About Rationally Speaking

Rationally Speaking is a blog maintained by Prof. Massimo Pigliucci, a philosopher at the City University of New York. The blog reflects the Enlightenment figure Marquis de Condorcet's idea of what a public intellectual (yes, we know, that's such a bad word) ought to be: someone who devotes himself to "the tracking down of prejudices in the hiding places where priests, the schools, the government, and all long-established institutions had gathered and protected them." You're welcome. Please notice that the contents of this blog can be reprinted under the standard Creative Commons license.

Wednesday, December 05, 2012

Rationally speaking podcast: When scientists kill!

We look to scientists to keep us informed about risks, such as: is this medicine effective? Is that level of toxicity harmless? How severe should we expect this upcoming storm to be?
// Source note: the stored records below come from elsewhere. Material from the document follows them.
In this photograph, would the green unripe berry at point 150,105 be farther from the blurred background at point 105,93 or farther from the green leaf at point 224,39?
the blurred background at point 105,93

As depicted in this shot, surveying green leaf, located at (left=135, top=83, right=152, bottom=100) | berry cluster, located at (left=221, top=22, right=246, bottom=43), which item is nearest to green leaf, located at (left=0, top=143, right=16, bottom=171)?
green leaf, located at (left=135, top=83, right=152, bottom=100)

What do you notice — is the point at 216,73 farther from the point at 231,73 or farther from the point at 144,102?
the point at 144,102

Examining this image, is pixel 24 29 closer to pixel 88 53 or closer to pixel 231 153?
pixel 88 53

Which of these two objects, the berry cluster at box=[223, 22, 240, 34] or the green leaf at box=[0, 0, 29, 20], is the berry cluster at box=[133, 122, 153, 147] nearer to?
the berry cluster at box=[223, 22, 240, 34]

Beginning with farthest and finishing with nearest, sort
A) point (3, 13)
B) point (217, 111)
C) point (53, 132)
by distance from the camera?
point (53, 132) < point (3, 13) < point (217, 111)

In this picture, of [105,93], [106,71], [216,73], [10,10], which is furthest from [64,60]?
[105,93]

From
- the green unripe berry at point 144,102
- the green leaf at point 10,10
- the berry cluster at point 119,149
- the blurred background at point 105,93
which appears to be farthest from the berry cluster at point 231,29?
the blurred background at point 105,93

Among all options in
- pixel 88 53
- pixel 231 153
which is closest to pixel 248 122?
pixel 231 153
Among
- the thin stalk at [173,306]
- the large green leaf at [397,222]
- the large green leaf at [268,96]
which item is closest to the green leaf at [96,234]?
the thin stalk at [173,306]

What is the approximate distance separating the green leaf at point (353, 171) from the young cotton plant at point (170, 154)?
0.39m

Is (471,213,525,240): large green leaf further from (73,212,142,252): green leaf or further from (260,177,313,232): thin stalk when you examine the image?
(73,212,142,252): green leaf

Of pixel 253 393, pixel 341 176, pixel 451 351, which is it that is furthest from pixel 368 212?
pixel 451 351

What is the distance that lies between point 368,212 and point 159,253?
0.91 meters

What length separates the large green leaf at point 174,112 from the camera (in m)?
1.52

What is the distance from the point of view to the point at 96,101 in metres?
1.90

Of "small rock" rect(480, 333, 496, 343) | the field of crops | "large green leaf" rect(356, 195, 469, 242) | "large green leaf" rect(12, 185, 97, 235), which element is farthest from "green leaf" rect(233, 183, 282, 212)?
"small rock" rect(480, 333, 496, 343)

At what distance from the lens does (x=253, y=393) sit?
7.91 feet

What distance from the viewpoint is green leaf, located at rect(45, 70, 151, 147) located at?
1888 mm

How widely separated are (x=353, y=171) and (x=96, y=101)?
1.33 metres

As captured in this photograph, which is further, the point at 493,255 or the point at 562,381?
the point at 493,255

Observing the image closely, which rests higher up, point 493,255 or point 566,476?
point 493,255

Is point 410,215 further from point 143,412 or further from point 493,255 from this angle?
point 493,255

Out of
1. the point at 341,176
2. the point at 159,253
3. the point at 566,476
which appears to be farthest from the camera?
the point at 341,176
But when lives are at stake, tricky questions arise about how much responsibility falls on scientists' shoulders to get those estimations right -- and whether scientists should be punished if they fail.

In this episode of Rationally Speaking, Massimo and Julia discuss a recent court case that shocked the world: A group of Italian scientists were sentenced to 6 years in prison for failing to effectively warn the public of an earthquake that killed over 300 people in 2009. Was this decision fair? And how should we decide where the boundaries of scientific accountability lie?
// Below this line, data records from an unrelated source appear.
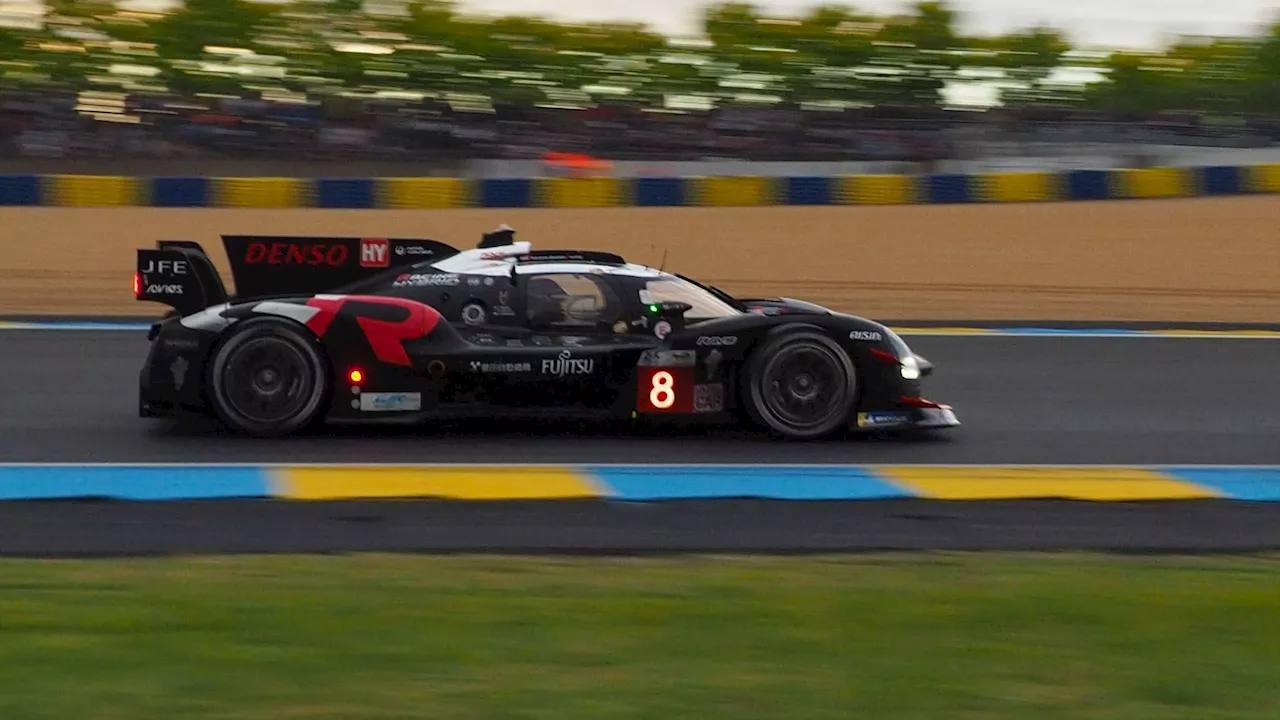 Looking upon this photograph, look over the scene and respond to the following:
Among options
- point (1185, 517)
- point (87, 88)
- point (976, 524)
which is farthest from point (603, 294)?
point (87, 88)

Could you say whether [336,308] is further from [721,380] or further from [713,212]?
[713,212]

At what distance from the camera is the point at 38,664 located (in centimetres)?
475

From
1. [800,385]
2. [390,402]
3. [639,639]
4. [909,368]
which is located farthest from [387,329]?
[639,639]

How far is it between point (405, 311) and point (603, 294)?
1.07 meters

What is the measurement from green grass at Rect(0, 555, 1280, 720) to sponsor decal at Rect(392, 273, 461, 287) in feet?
10.1

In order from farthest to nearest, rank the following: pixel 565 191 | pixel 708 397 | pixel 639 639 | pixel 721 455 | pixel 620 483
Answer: pixel 565 191 < pixel 708 397 < pixel 721 455 < pixel 620 483 < pixel 639 639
Julia's pick: "Anti-Intellectualism in American Life"
Massimo's pick: "Ten of the greatest Philosophical principles"

Ian Pollock's "Risk and Blame" blog post


  1. Great podcast! Glad you liked my post.
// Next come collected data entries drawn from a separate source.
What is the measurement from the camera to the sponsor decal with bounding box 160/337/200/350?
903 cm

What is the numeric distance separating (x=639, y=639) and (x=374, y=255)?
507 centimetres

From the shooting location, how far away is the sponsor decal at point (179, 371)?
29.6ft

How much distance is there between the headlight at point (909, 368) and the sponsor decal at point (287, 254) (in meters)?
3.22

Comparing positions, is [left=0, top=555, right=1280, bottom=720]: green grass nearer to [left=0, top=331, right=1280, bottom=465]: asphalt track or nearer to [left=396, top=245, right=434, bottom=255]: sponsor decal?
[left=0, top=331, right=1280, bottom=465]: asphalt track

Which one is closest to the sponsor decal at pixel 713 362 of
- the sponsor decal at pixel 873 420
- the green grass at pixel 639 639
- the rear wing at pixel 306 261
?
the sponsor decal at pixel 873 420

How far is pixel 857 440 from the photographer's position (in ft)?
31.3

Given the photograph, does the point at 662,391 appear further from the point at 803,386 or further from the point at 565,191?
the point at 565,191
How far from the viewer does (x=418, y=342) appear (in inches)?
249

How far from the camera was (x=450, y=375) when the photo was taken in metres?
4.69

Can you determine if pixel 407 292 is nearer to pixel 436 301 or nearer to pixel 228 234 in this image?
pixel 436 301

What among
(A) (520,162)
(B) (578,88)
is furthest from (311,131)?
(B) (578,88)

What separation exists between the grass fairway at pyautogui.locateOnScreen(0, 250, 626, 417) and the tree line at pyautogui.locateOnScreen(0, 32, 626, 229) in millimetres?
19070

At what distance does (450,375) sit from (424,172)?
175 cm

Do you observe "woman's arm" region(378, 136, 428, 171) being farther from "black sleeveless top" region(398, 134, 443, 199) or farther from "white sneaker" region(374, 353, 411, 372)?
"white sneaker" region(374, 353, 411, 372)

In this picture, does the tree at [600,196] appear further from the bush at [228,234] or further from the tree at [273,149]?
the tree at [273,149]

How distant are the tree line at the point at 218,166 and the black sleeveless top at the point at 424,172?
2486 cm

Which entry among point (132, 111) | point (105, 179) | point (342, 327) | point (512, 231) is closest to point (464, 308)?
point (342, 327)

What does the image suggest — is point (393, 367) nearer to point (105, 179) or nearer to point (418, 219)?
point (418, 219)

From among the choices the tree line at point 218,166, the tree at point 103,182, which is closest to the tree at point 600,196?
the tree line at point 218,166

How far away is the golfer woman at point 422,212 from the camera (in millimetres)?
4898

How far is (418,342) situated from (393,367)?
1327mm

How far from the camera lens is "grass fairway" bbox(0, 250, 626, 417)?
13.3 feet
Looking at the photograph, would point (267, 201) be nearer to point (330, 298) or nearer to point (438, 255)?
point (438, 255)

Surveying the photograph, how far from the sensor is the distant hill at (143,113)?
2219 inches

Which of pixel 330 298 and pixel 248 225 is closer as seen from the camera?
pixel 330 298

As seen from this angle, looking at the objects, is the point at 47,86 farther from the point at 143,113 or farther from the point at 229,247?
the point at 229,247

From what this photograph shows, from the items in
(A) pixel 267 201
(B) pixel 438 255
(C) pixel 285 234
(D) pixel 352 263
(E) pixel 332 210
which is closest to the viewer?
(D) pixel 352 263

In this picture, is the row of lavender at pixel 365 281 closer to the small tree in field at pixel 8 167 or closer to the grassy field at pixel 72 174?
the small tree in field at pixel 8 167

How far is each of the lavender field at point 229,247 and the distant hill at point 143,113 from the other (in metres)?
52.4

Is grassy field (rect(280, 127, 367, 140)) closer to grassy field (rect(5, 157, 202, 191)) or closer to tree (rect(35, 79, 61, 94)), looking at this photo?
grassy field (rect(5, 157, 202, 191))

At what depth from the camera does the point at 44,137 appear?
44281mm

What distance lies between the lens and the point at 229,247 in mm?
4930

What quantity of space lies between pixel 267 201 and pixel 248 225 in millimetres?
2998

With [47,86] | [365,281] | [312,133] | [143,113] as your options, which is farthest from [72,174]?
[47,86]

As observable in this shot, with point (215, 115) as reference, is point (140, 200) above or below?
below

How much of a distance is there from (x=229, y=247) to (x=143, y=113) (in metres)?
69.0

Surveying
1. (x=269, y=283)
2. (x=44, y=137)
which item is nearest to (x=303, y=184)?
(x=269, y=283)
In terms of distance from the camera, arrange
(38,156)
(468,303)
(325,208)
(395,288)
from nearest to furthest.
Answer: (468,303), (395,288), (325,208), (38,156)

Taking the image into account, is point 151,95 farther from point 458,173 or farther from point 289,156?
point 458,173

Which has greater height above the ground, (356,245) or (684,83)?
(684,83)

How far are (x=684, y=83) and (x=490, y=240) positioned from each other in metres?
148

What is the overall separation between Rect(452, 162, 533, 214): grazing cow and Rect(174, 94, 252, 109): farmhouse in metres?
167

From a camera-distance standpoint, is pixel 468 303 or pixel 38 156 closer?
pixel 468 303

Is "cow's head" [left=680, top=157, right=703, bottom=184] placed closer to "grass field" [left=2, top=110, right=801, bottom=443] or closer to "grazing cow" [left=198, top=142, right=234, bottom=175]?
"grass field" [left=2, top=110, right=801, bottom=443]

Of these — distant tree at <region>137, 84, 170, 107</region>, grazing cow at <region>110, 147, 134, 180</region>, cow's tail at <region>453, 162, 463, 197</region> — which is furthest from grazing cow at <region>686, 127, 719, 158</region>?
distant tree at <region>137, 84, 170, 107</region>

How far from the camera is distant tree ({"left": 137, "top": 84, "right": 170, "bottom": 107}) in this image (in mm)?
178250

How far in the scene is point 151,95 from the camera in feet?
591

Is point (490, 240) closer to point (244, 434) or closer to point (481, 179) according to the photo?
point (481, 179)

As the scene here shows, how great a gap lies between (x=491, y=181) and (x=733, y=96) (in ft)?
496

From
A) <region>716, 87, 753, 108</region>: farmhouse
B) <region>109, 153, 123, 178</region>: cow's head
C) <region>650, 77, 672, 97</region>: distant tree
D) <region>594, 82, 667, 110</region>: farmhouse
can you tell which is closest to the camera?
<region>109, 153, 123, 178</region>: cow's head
  2. My understanding is that tremors don't increase the chance of an earthquake any more than weird animal behavior or radon gas or anything else does, because we can't predict earthquakes.
    The only effect the tremors might have had was to weaken the buildings, making them less safe in the event of an earthquake, but that's civil engineering, not geoscience.

    Scientists, like any professionals, should be punished if they commit malpractice, like using junk science or lying about risks, but where did the Italian geologists do that?

    There was a pseudoscientist named Giampaolo Giuliani who did warn of an earthquake 30 miles away near Sulmona. He was placed under investigation by prosecutors for causing alarm. Those residents who listened to him might have evacuated to the place where the earthquake struck.